The recent debate within Port Hope ignited by Dr. Helen Caldicott has galvanized extreme views in many corners driven mainly by fear and those seeking to capitalize on it.
Caldicott’s presentation in Oshawa on Nov. 16, 2010 created a firestorm within the community as part of an initiative by several local organizations, including Families Against Radioactive Exposure (FARE), Lake Ontario Waterkeepers and Friends of the Port Hope Clean-up.
The fallout is clearly fallen into two camps: those who argue The Australian physician’s concerns about the nuclear industry are a warning to be heeded and those who condemn her point of view as sensationalism hurting the historic town.
The debate has raged in the letters to newspapers and over the Internet. Mayor Linda Thompson has revamped the town’s communications strategy, as only one example of the reaction. A Solidarity Walk was held on the weekend as a demonstrated of support for the town.
Meanwhile, the other side is scrambling to maintain its voice as viable critics, arguing mainly about the state of denial over the dangers of nuclear waste in the community. All this in the face of personal threats and a tidal wave anger.
But, this is a pattern in modern politics: the use of fear and extremism driving a debate over an issue. It was most apparent in the United States as the Tea Party movement gained power through its opposition to change and its rhetoric over the loss of American ideals. Leveraging the fear created by an ongoing war, a bad economy and an agenda of reforms, it was able to mobilize certain voters and create a very polarized debate.
While there was some electoral success for the Tea Party, it was able to gain enough momentum to become a disproportionate voice within public debate. A similar phenomenon was demonstrated during the recent Toronto municipal elections and the current divisive style of politics at the federal level.

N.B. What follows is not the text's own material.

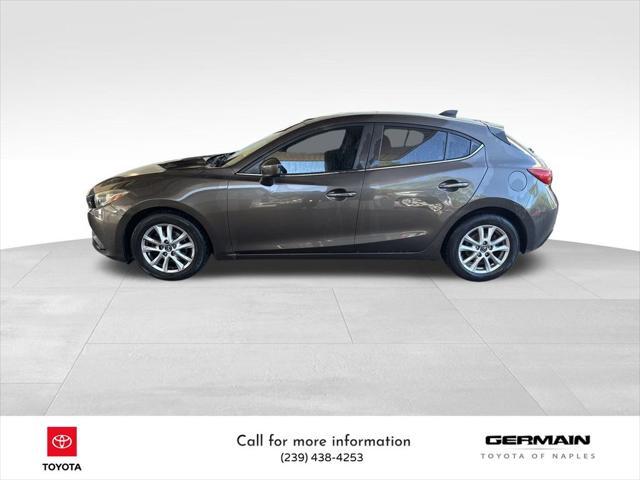 used 2014 Mazda Mazda3 car, priced at $11,950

Caldicott’s statements caught national media’s attention through its over the top rhetoric giving her and her supporters a big voice within the current debate. Despite her questionable comments (an there will be plenty who will argue she makes her case based on facts), the result is an attempt at fearmongering.
But those reacting to the other side are equally to blame. Local businesses, real estate companies, politicians emerge as prophets of doom, saying sales are down, business deals collapse and the Port Hope economy is left in a shambles. All this is done without scrutiny or specific facts and figures. The posturing creates an “us against them” division based on a distorted loyalty to the community.
The result is a fanaticism that serves no ones best interests. It only paralyzes the town while the most extreme voices ring out. Meanwhile, those who seek a more moderate, reasonable approach are left underrepresented within any debate.
Port Hope has faced this problem head on since the 1970s. The town has experienced good times and bad over the past 40 years. It will face the same again in the future. But, if it hopes to move forward it cannot be overwhelmed by either side; nor can it allow fear, anger and distrust to cloud debate or silence reason. There a many facts on both sides need to be heard. Strength will not come by one side overpowering or beating down the other. And, leadership will not come from bullies or those who can yell the loudest.